(WNS) – As expected, the newly elected slate of anti-choice school board members in Douglas County, Colo., voted Dec. 4 to end the yearslong litigation over one of the most sweeping school voucher programs in the nation. The program, approved by the suburban Denver district in 2011, allowed students to use publicly funded vouchers to attend any school they wanted. Douglas County was the only school district in the nation to adopt a voucher program.
The group that filed suit against the program based its arguments on Colorado’s Blaine Amendment, a constitutional provision banning public money from going to religious institutions. Dozens of other states have similar provisions. The case made it all the way to the U.S. Supreme Court before getting sent back for reconsideration after the Trinity Lutheran v. Comer ruling. In that case, the high court ruled Missouri could not block a church from a state playground improvement program simply because of its religious nature.
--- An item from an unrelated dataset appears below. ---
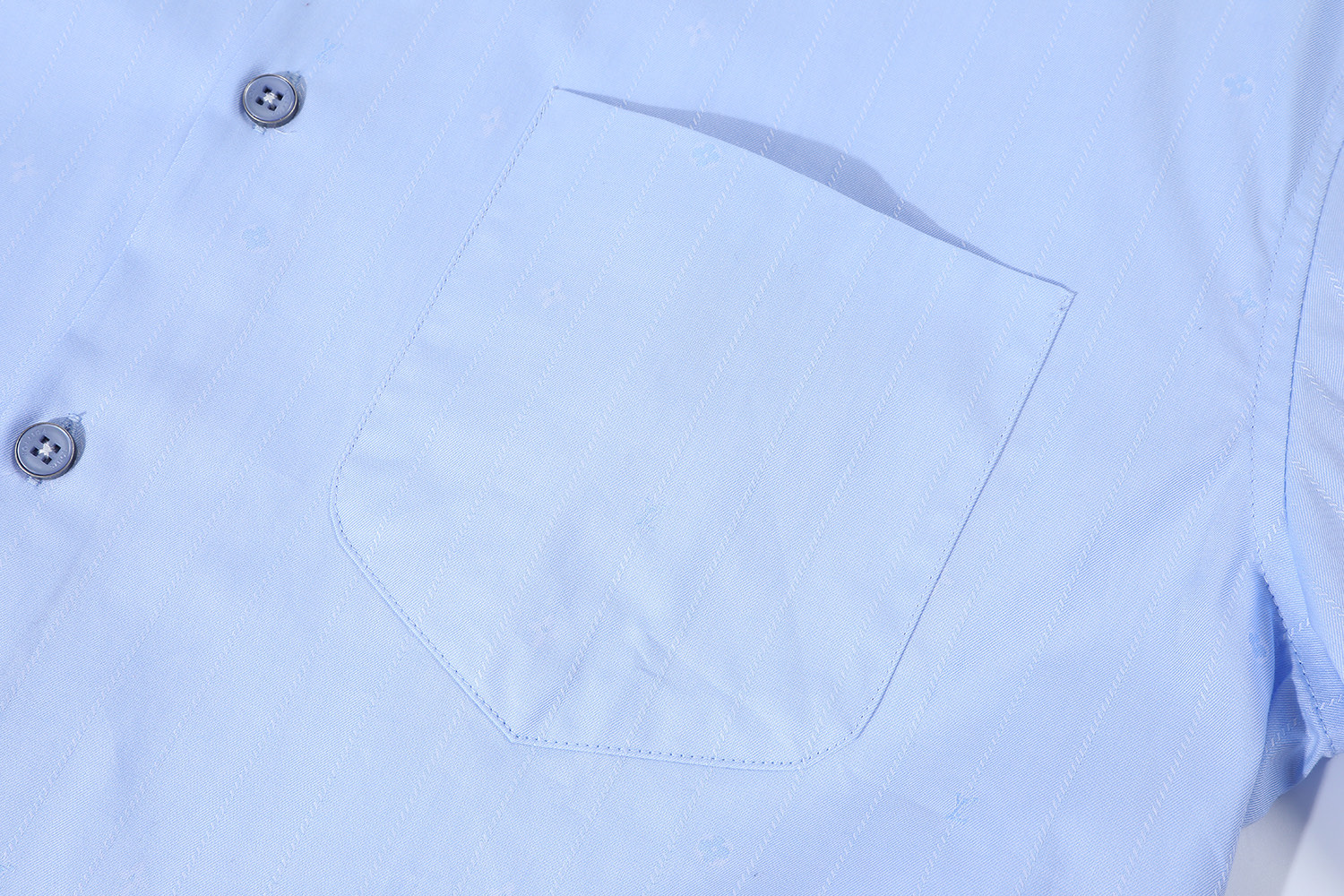 LOUIS VUITTON 路易威登 细条纹提花 单排扣衬衫 长袖 外套  蓝色A5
School choice advocates hoped a new ruling in the Colorado case, in light of Trinity Lutheran, would wipe out barriers to voucher programs in other states. Now they’re looking to another case in New Mexico that has similar correlations to school choice, although the implications of a favorable ruling aren’t likely to be as broad.
As in Colorado, the U.S. Supreme Court asked the New Mexico high court to reconsider its decision striking down a state textbook program that included secular and religious private schools. The state Supreme Court in 2015 ruled the program violated New Mexico’s Blaine Amendment. If the court reverses its decision, it would set a precedent for the unconstitutionality of other Blaine Amendments.
“From kicking Catholic immigrants out of polite society to kicking children out of a quality education, these provisions hurt the vulnerable and marginalized in society,” said Eric Baxter, senior counsel with Becket, the religious liberty law firm defending New Mexico’s textbook program. “It’s time to end the bigoted reign of Blaine.”